I'm having difficulty finding the limit of function x / ((x^2) - 4)) as x approaches 2 from the left (x--> 2-). My textbook tells me that the limit would be -infinite, but how does this work? With 0 in the denominator, wouldn't the limit not exist?
****Edit: I can see from graphing the function that x goes towards negative infinity as it approaches 2 from the left, but is there any way I could tell whether a limit is nonexistent/infinity without having to graph the function?
Thank you so much!
+118689
Does this help?
\(\displaystyle \lim_{x\rightarrow2^-}\;\frac{x}{x^2-4}\)

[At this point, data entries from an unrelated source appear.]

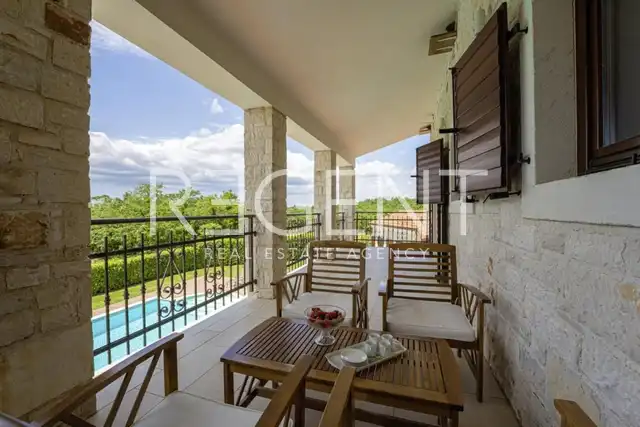 Istria, Sveti Lovreč - Autentická kamenná vila 280 m2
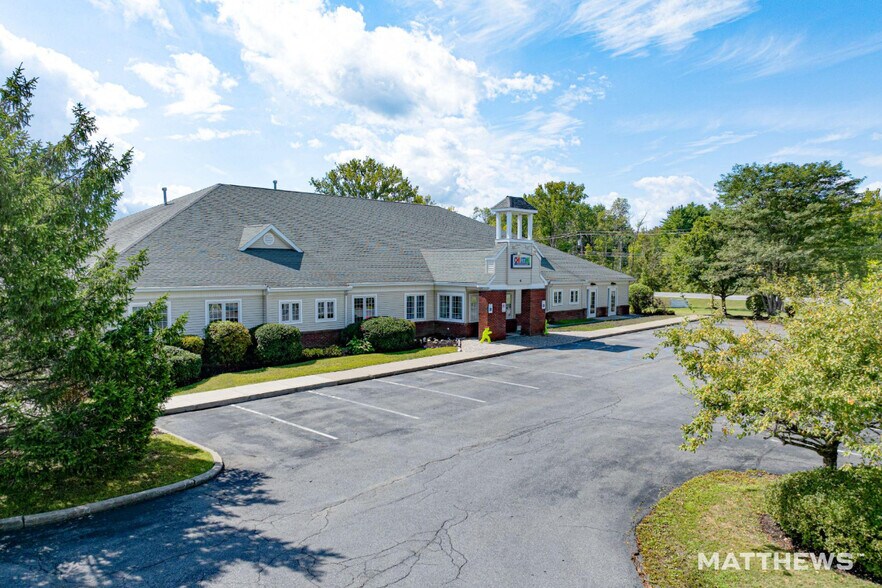 6 Willowbrook Rd, Queensbury, NY for sale - Building Photo - Image 2 of 3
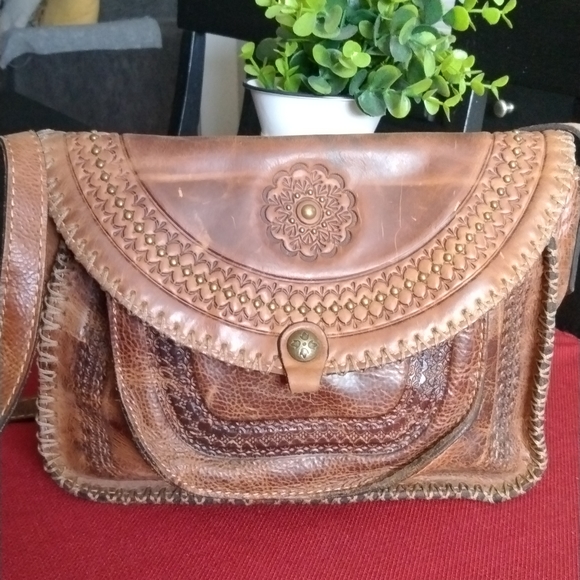 PATRICIA NASH CROSSBODY BAG - Picture 2 of 16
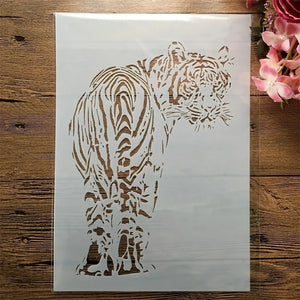 Pochoir tigre marchant tête de profil, corps rayé en mouvement format vertical bois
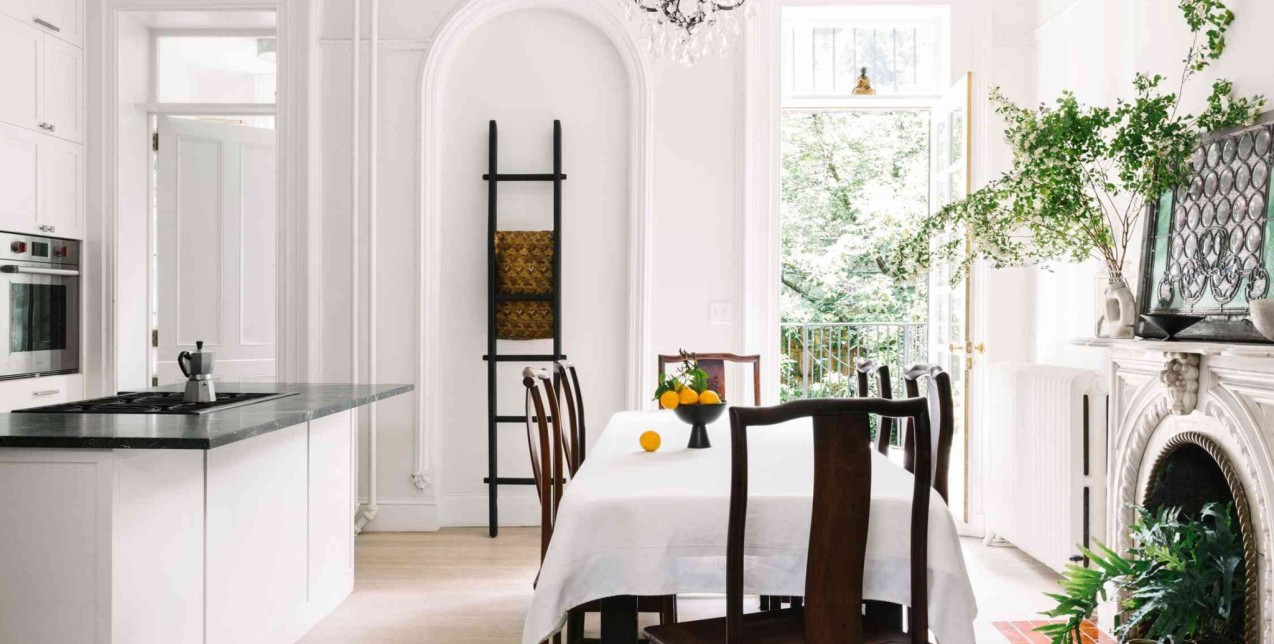 Μάθετε πώς να υιοθετήσετε στην κατοικία σας την Νο1 τάση στο interior design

If x is between 0 and 2 (not including 2) then this will be pos divided by neg which is negative
that is why this limit HAS to be negative
\(\displaystyle \lim_{x\rightarrow2^-}\;\frac{x}{x^2-4}\\~\\ =\displaystyle \lim_{x\rightarrow2^-}\;\frac{x/x^2}{(x^2-4)/x^2}\\~\\ =\displaystyle \lim_{x\rightarrow2^-}\;\frac{1/x}{1-4/x^2}\\~\\ ==> \frac{approaching \;0.5}{appraoching\; 0\; from\; negative \;side}\\~\\ =-\infty\)